I am trying to read a dataframe from a parquet file with Spark in python but my dataframe is byte encoded so when I use spark.read.parquet and then df.show() it looks like the following:
+---+----------+----+
| C1| C2| C3|
+---+----------+----+
| 1|[20 2D 2D]| 0|
| 2|[32 30 31]| 0|
| 3|[43 6F 6D]| 0|
+---+----------+----+
As you can see it the values are converted to hexadecimal values... I've read the entire documentation of spark dataframes but I did not found anything. Is it possible to convert to UTF-8?

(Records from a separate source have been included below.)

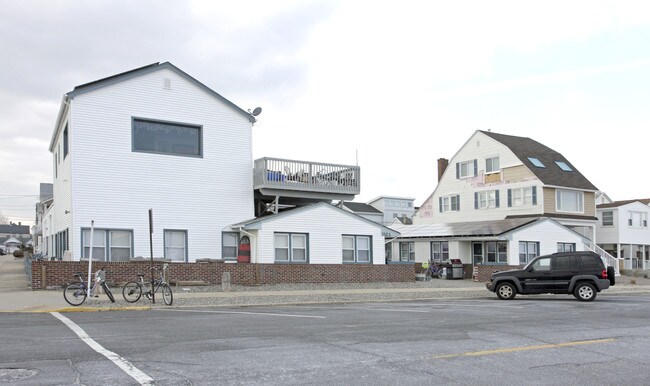 1101 Ocean Ave in Bradley Beach, NJ - Foto de edificio - Building Photo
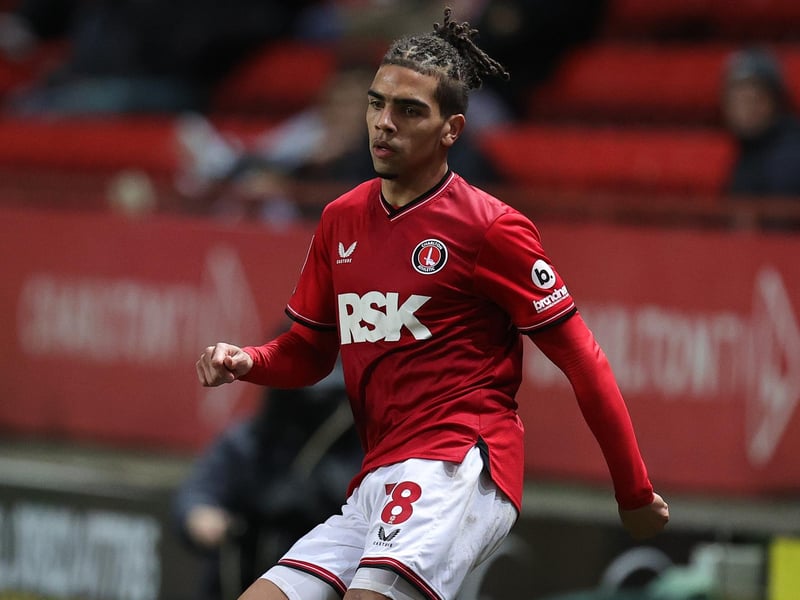Barnsley have signed former Charlton Athletic right-back Tennai Watson on a one-year deal.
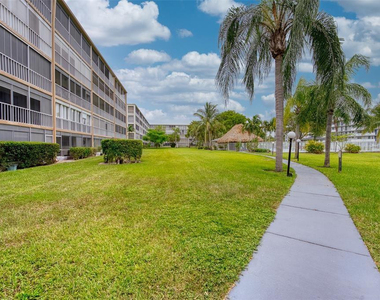 4700 Washington Street - Photo Thumbnail 12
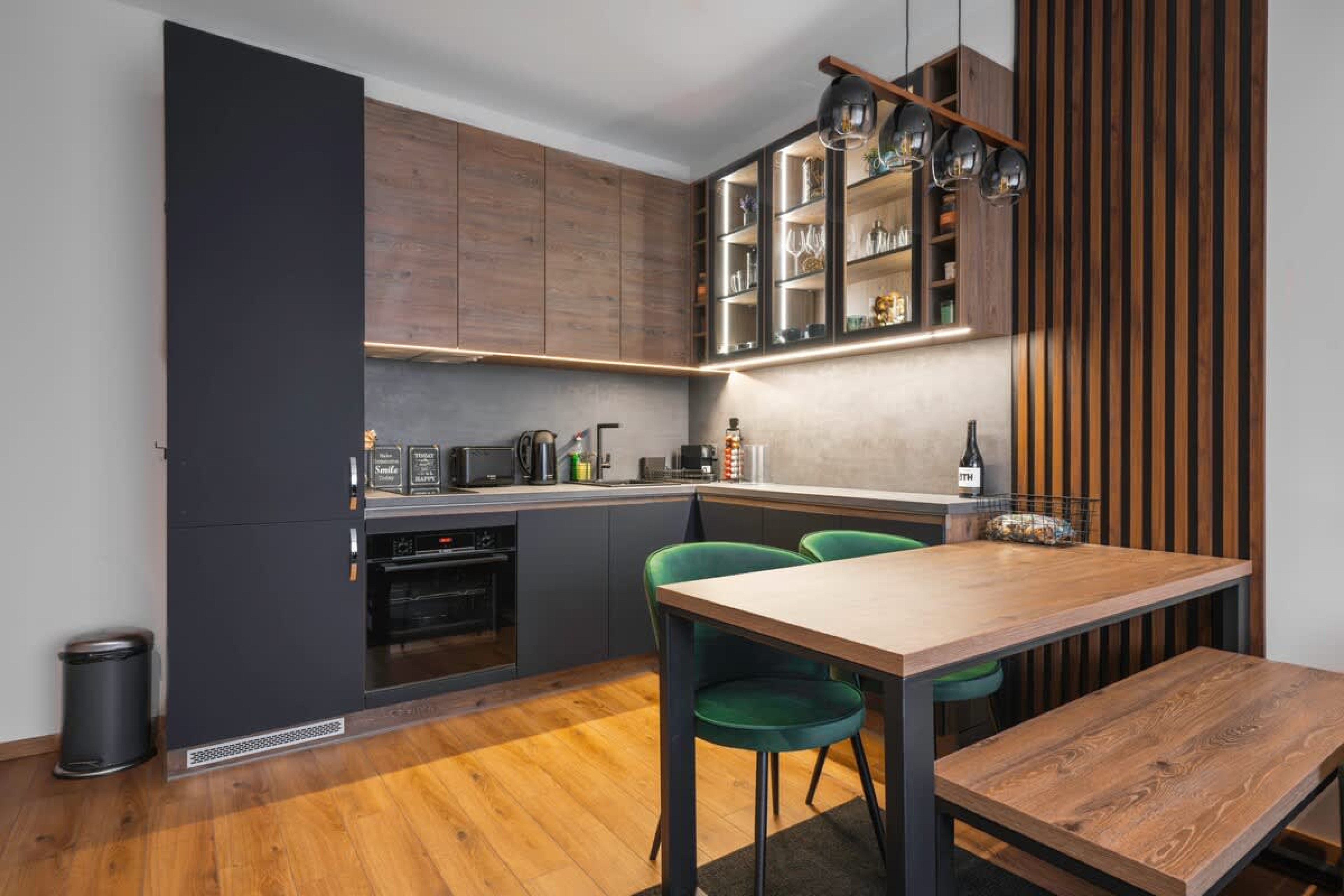 Scoutaround White Logo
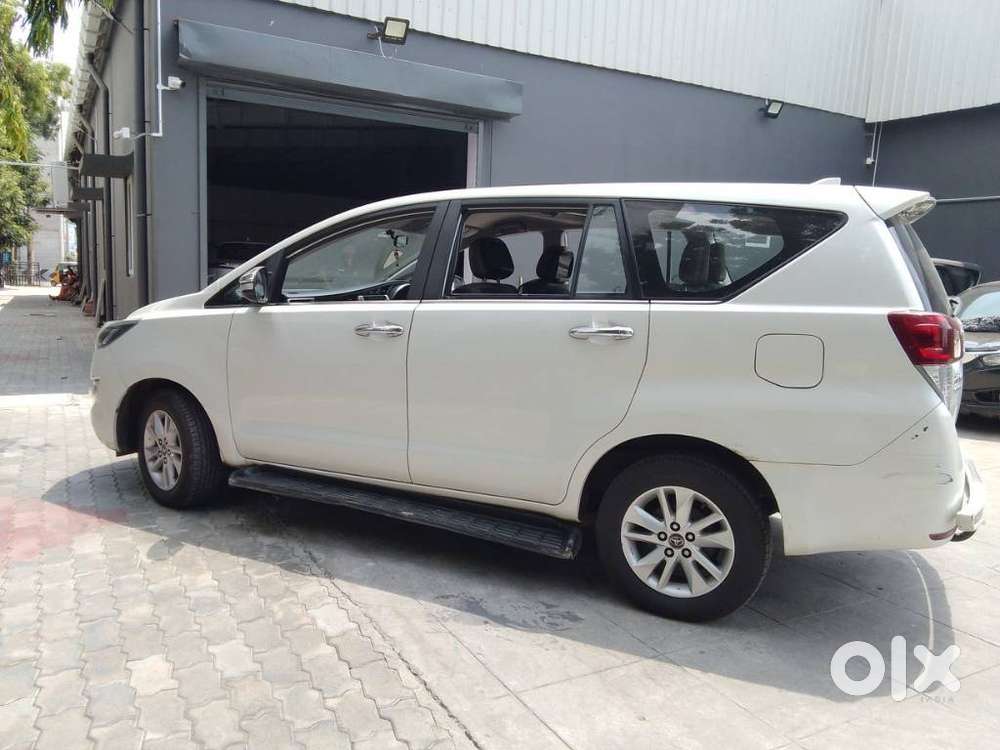 Toyota Innova Crysta 2.8z Automatic, 2017, Diesel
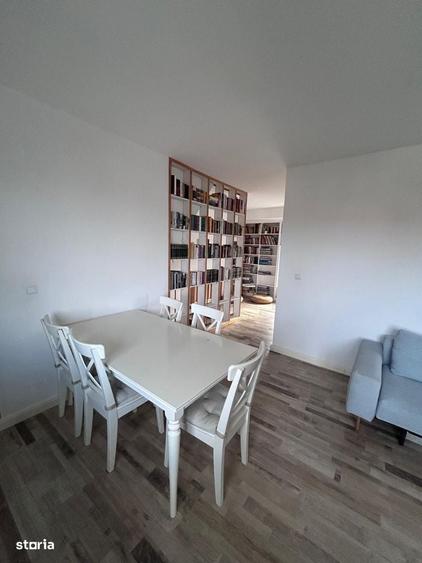 Apartament cu 3 camere decomandat în Ciupercenii Noi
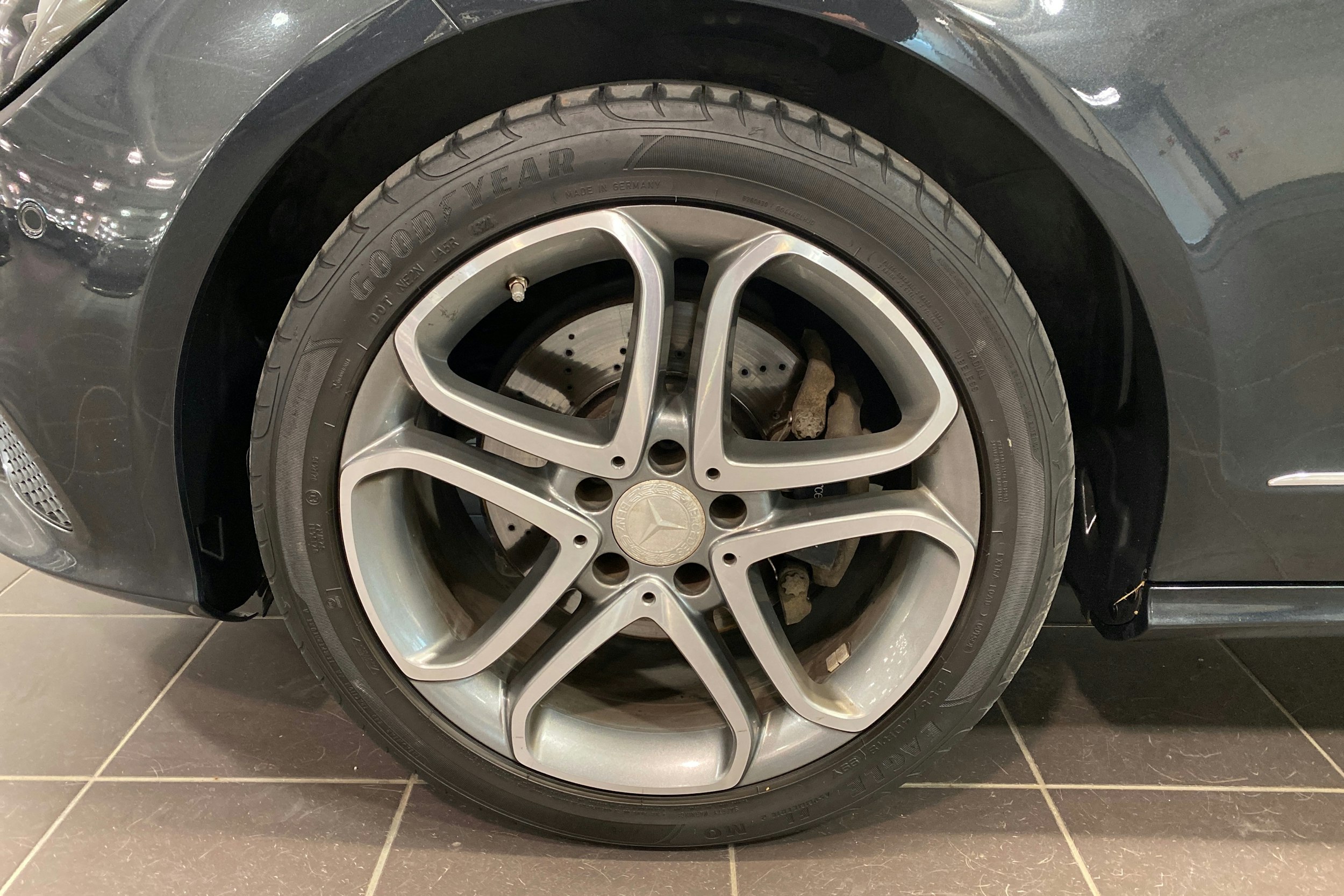 musta Mercedes-Benz CLS 2014 kuva 11.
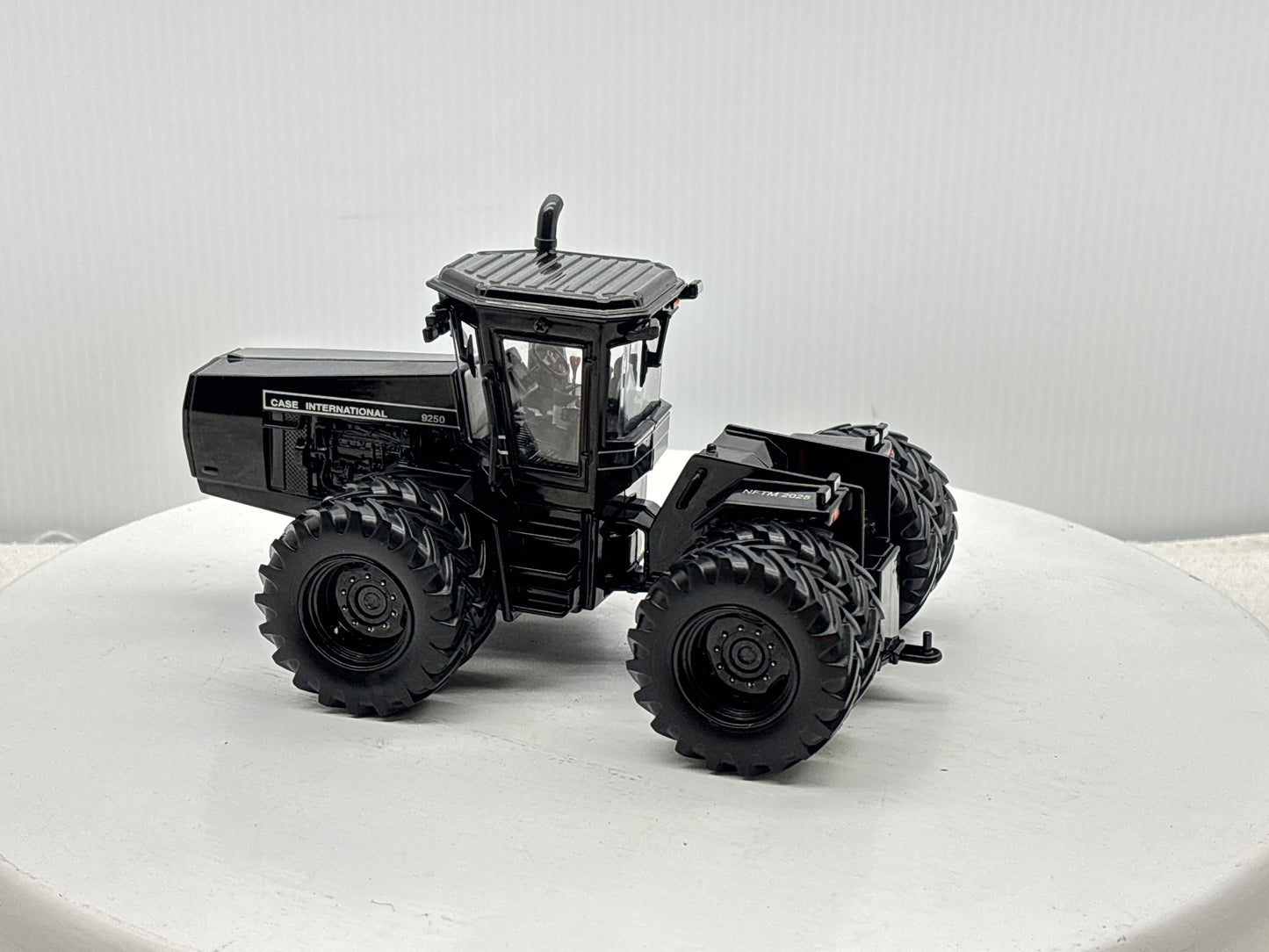 1/32 Case IH 9250 NFTM Black Chaser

The df.printSchema() output:
|-- C1: long (nullable = true)
|-- C2: binary (nullable = true)
|-- C3: long (nullable = true)
The Spark version is 2.4.4
Thank you!
You have a binary
type column, which is like a bytearray
in python. You just need to cast to string:
df = df.withColumn("C2", df["C2"].cast("string"))
df.show()
#+---+---+---+
#| C1| C2| C3|
#+---+---+---+
#| 1| --| 0|
#| 2|201| 0|
#| 3|Com| 0|
#+---+---+---+
Likewise in python:
str(bytearray([0x20, 0x2D, 0x2D]))
#' --'